Photo: Davide Gostoli

The Jon Spencer Blues Explosion, the Blues Explosion, JSBX, America’s Hardest-Working Rock ‘n’ Roll Band. Call them what you will, the Number One Blues-Flavored Hipster Rock Band in the Free World have long been cannibalistic postmodernists, chewing up music history and spitting it back out in the form of little corrosive nuggets of ADHD noise that reflect the ADHD times in which we live. They’ve gobbled up blues and hip-hop, and they’ve blenderized the rotting corpse of rock ‘n’ roll, so in many ways it was almost inevitable that for Freedom Tower: No Wave Dance Party 2015 they should revert their all-consuming jaws onto the very NYC no-wave/punk/noise rock scene that birthed them.

Their latest album has them reminiscing on their hometown’s CBGB underground, and it has them using this inspiration to produce some of their most exquisitely honed material to date. Unsurprisingly enough, its sprightly panache also supplied the backbone of their set in (snowy) Lausanne, Switzerland, on a drunken Saturday night.

Having been aptly supported by the swooning noir-Americana of Gemma Ray and the motorik garage rock of Roy & the Devil’s Motorcycle, the band took the stage with little in the way of pomp or circumstance. They immediately launched into the swagger of “Chicken Dog,” a longtime concert-staple from 1996’s Now I Got Worry that set the tone for a near-perfectly balanced tour through older and newer material.

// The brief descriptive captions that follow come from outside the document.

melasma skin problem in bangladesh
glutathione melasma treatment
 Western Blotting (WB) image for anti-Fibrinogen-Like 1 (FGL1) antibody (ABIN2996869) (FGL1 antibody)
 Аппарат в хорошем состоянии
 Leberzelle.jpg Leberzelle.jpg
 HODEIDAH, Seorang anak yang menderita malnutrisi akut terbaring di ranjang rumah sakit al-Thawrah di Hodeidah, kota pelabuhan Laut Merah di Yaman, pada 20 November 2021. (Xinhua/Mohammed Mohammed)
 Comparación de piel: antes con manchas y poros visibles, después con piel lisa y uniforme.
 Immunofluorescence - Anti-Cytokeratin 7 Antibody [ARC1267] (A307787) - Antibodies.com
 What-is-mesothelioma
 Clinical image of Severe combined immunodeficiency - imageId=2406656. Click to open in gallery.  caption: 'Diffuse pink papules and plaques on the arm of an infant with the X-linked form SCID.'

I say “tour,” but given the band’s famed dynamism in the live context, the night wasn’t so much a passive trip down memory lane as an active refashioning and reimagining of their entire corpus. Cast-iron favorites like “Soul Typecast,” “Flavor,” and “Blues X Man” were stretched-out, chopped-up and stomped-down, while even a freshly minted newbie like “Crossroad Hop” was given the cavalier Blues treatment, extended into a grooved semi-epic that had Russell Simins pounding out some choice beats for the dancing Italian woman beside me (this Italian would later be personally delivered one of Simins’ drumsticks). That said, for all his mighty presence, and for all Spencer’s to-ing and fro-ing around his mic, neither man could sadly do anything to dislodge a large, passed-out Swiss type who’d been slumped over the edge of the stage from the gig’s very overture.

Photo: Davide Gostoli

Joking aside, it was from their energized mashing up of past and present sounds that the Blues Explosion’s attitude towards history became fully manifest. In the rejigging of “Train #2” from Extra Width or the drawing-out of “White Jesus” from Freedom Tower you could hear a band who had respect for history only insofar as it furnished source material for them to play around with and reinvent. They paid their own unique homage to the Beastie Boys and Link Wray with a medley-cover of “She’s On It/Jack the Ripper,” and they even whipped out a version of “What Love is” by punk-legends The Dead Boys. Aside from simply being a lot of giddy fun to watch and hear, these various re-stylings reminded the crowd (or at least me) of one of the extra meanings of “live” music. That is, it reminded me that to play “live” music isn’t simply to perform sounds here-and-now in front of an audience, but also to evolve these sounds, to transform them into a living, breathing entity that changes with the times.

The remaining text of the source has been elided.